The game of college football changed. Long gone are the days of 6’4”, 250-pound linebackers that a football analyst could call “thumpers” that roamed the middle of the defense. Gone as well would be the days 6’1”, 230-pound running backs just pounding the football between the tackles. Indeed college football changed in style, and the personnel changed as well.
That change is especially true on defense. Defenses need more speed, more quickness, and more creativity to keep up with spread offenses and the advantages they possess like the run-pass option. That’s why UCF and other college programs are recruiting true athletes to play strong safety and linebacker.
With the commitment of T.J. Bullard, the UCF football program added a young man that could play multiple positions. Further, the Knights will bring into their program a football player that can line up against completely different types of skill position players. Here’s a closer look at Bullard’s skillset.
T.J. Bullard, Linebacker, 6’1”, 210-pounds, Tampa (Fla.) Berkeley Prep
As the following clips will display, this is a unique football player. After training his body to gain needed weight while also adding even more speed, it’s clear that Bullard is one of the most unique linebackers in the state of Florida.
Athleticism and Instincts
When watching the following plays, the film will speak for itself. Bullard’s speed, change of direction and power go beyond his size. Now, onto the film.
This is Bullard's first play on his highlight reel, and for good reason. This next play shows Bullard’s instincts, as well as his ability to quickly take an interception for a touchdown. This is a true game-changing football play.
Pass Coverage Skills
Bullard will be asked to cover a variety of skill position players. This next film clip displays his ability to out maneuver wide receivers and make an interception from a deflection. Really intelligent football.
Watch Bullard run over 20 yards to tackle the quarterback near the line of scrimmage. For a future college linebacker, his explosion and open-field speed proves to be one of the best in Florida.
Bullard's ability to close ground between himself and the ball carrier will be critical for UCF. Watch him eliminate extra yardage for the quarterback.
Playing in the Box
One thing every linebacker must do, even if only occasionally, would be play inside the tackle box. During the following film clip, Bullard squares his shoulders and performs a solid tackle on the running back. Prior to the tackle, Bullard quickly slid his feet horizontally to gain a proper tackling position.
This is a player that’s fantastic in space, possesses powerful hands to thwart blockers, understands zone principles to cover wide receivers and running backs, and will lay a lick on a ball carrier.

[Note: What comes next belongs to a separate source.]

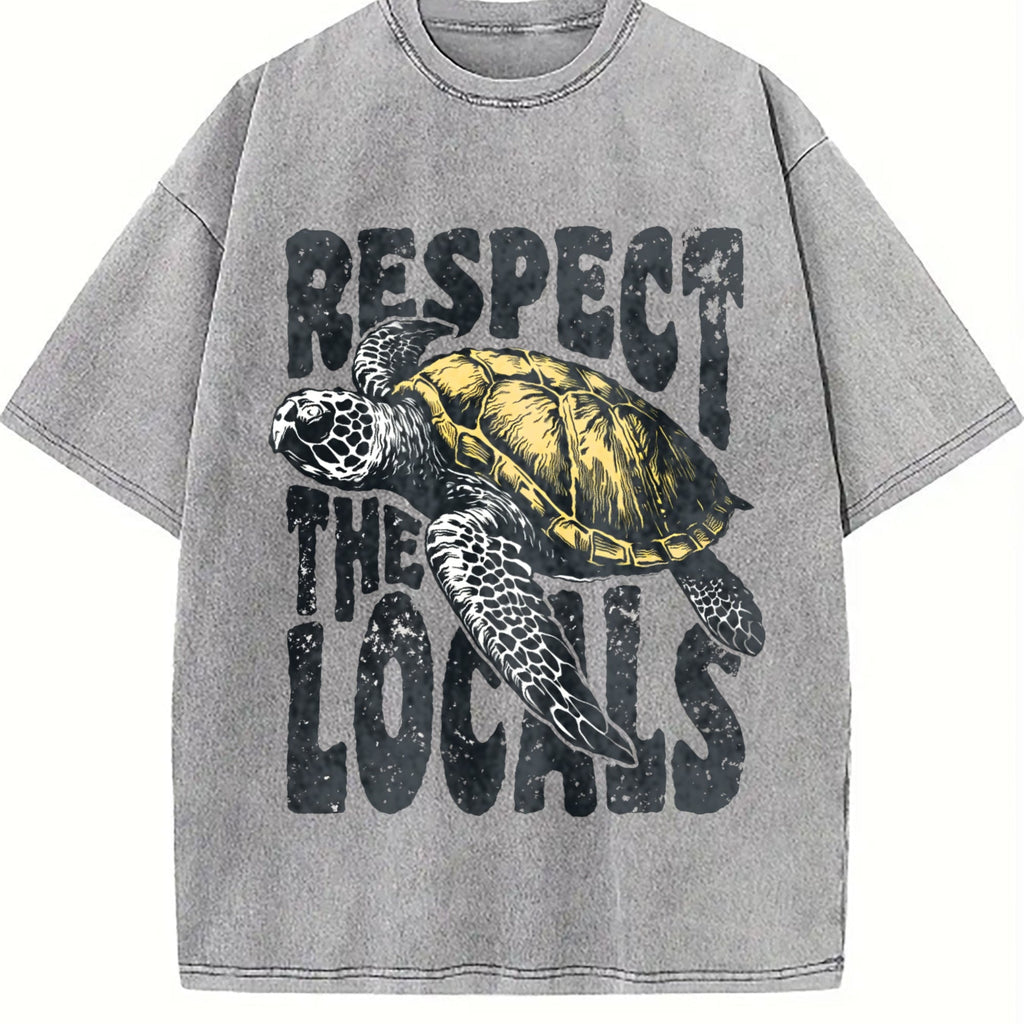 Respect The Locals Sea Turtle 90s Vintage Washed T-Shirt product image 5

Expect to see Bullard line up against slot wide receivers, and then on the next play he might be coming off the edge to blitz, or covering the curl-flat zone to his side of the field. Whether he plays just one of the linebacker positions or multiple will be defined after Bullard reaches the UCF campus. Make no mistake, however, he could play multiple roles.
If one would use a recent college linebacker to define Bullard’s style of play, a great example would be former Notre Dame linebacker and 2020 Butkus Award winner Jeremiah Owusu-Koramoah. He was college football’s most unique linebacker last season, and he defines what college coaches desire: very good coverage ability, but still capable of playing inside the box and the run game.
Bullard definitely plays in a similar fashion to Owusus-Koramoah, and his talents will likely be used in a similar manner by UCF Defensive Coordinator and Linebackers Coach Travis Williams.
Position Projection and Final Thoughts
To start out, look for Bullard to play the hybrid linebacker position. This is arguably the most difficult position on the football field beyond quarterback. A blend of a safety and linebacker, where a defender will line up in the slot against three wide receiver sets and attempt to redirect a receiver’s route. Then, on the next play, lining up in the same position, it’s a 260-pound tight end that’s lined up in the slot and he’s blocking the hybrid linebacker during a wide receiver screen.
This position is all-encompassing; Bullard will be challenged mentally as much as he will be physically. The other position Bullard will likely be given a chance to play would be weak side linebacker (WILL).
Bullard already showed a predisposition for contact. He will be an excellent addition to that position if that’s where the Knights need him to play. WILL is a position that plays on the edge of the tackle box. It’s the linebacker that traditionally plays in “space” and possesses the best coverage skills from a linebacker group. Regardless of whether Bullard lines up at the Hybrid linebacker position or WILL, the Knights will gain one talented football player.